(CARICOM Secretariat, Turkeyen, Greater Georgetown, Guyana) The Caribbean Community (CARICOM) will pursue a regional strategy to minimize the impact of the global financial and economic crisis and is to seek greater access to funds from the International Financial Institutions (IFIs) to confront the challenges that face Caribbean economies.
“There is an urgent need for additional funds for the Region to cope with the financial crisis,” Chairman of the Community, the Hon. Dean Barrow, Prime Minister of Belize, stressed Friday, adding that the CARICOM Single Market and Economy was the platform upon which the Region would face the challenges.
At a press conference he co-hosted with the Hon. Patrick Manning, Prime Minister of Trinidad and Tobago, the Hon. Dr. Denzil Douglas, Prime Minister of St. Kitts and Nevis and His Excellency Edwin Carrington, Secretary-General of CARICOM, Mr. Barrow said the Meeting also agreed that there was a need for a reform of the global financial architecture.
He pointed out that the situation regarding CL Financial and the Stanford Group of Companies fully engaged the Meeting. He said that it was “encouraging” that the Region would be pooling its resources to deal with the fallout from the crisis.
The Meeting, he said, received a report on the stimulus packages rolled out by individual Member States, but acknowledged that “what was done is not good enough”.
“The crisis will get worse before it gets better,” he warned, so the Region needed to do much more.
With regard to crime and security, Prime Minister Douglas told the press conference that Heads of Government had fully endorsed the proposal he presented to the meeting for a summit on crime and security in May 2009.

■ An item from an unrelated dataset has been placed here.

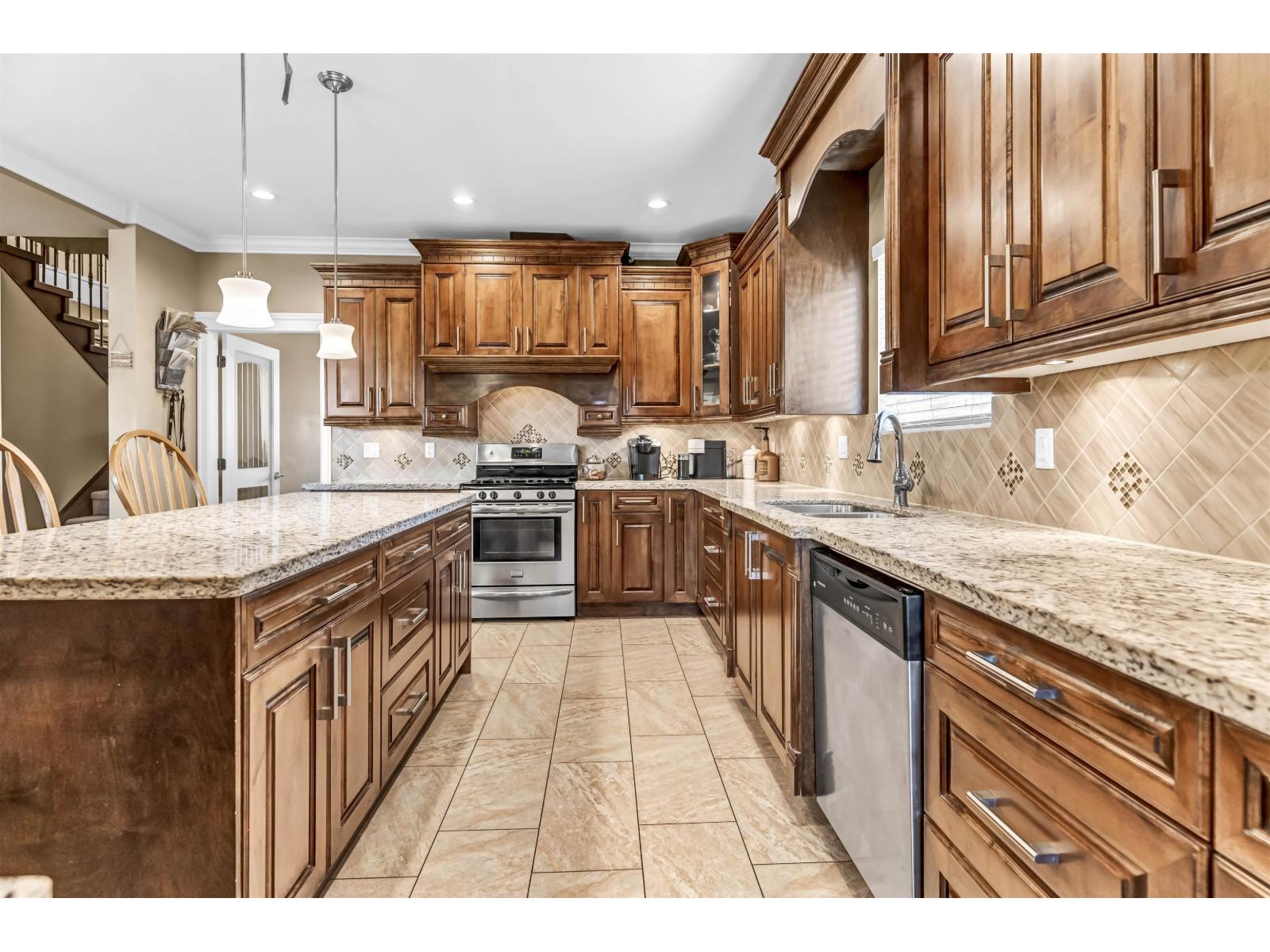 2620 270B STREET, Langley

The Meeting also received a report which covered, among other areas, the implementation of the CARICOM Travel Card (CARIPASS), progress relating to the implementation of the ballistics information network.
Sustainable Development was another area on which the Heads of Government had full discussion. They committed their countries to play a more active and visible role in the negotiations towards the Fifteenth Meeting of the Conference of the Parties to the United Nations Framework on Climate Change scheduled for Copenhagen, Denmark in December 2009.
The Heads of Government also placed emphasis on the linkages between climate change and renewable energy and endorsed the position proposed by Guyana on promoting the Preservation of forests and on carbon credit for the Region.